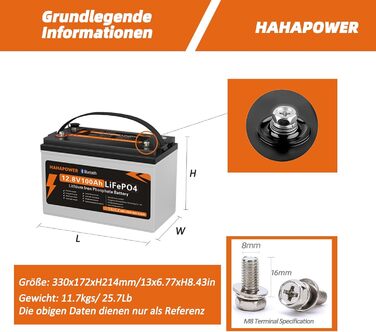 Акумулятор Hahapower 12.8V 100Ah Bluetooth LiFePO4, розумне живлення, захист від холоду, 15000 циклів, 150A BMS, для автофургонів, сонячна батарея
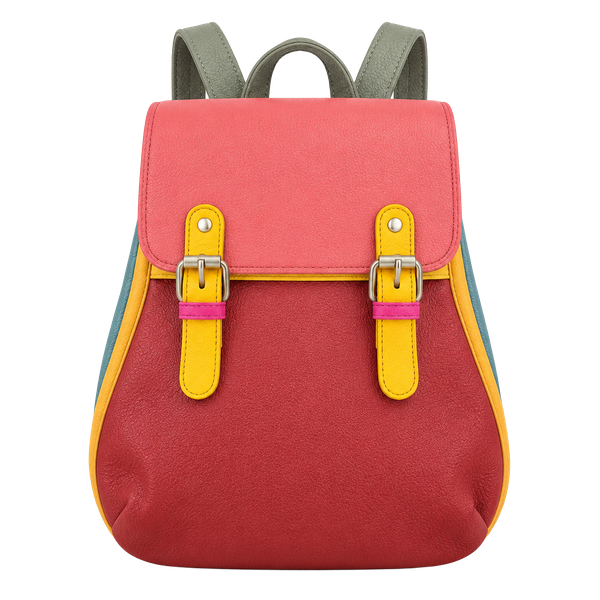 Soruka Freya Recycled Leather Colorblock Backpack Multicolored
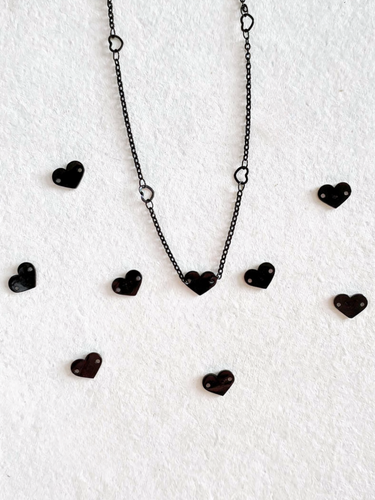Silvia Black Heart Connector, PVD Stainless Steel Enamel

WHAT YOU SHOULD DO: Each line of the material needs to be given again exactly, without any of its pictures.

RESPONSE AREA:
 Акумулятор Hahapower 12.8V 100Ah Bluetooth LiFePO4, розумне живлення, захист від холоду, 15000 циклів, 150A BMS, для автофургонів, сонячна батарея
 Soruka Freya Recycled Leather Colorblock Backpack Multicolored
Silvia Black Heart Connector, PVD Stainless Steel Enamel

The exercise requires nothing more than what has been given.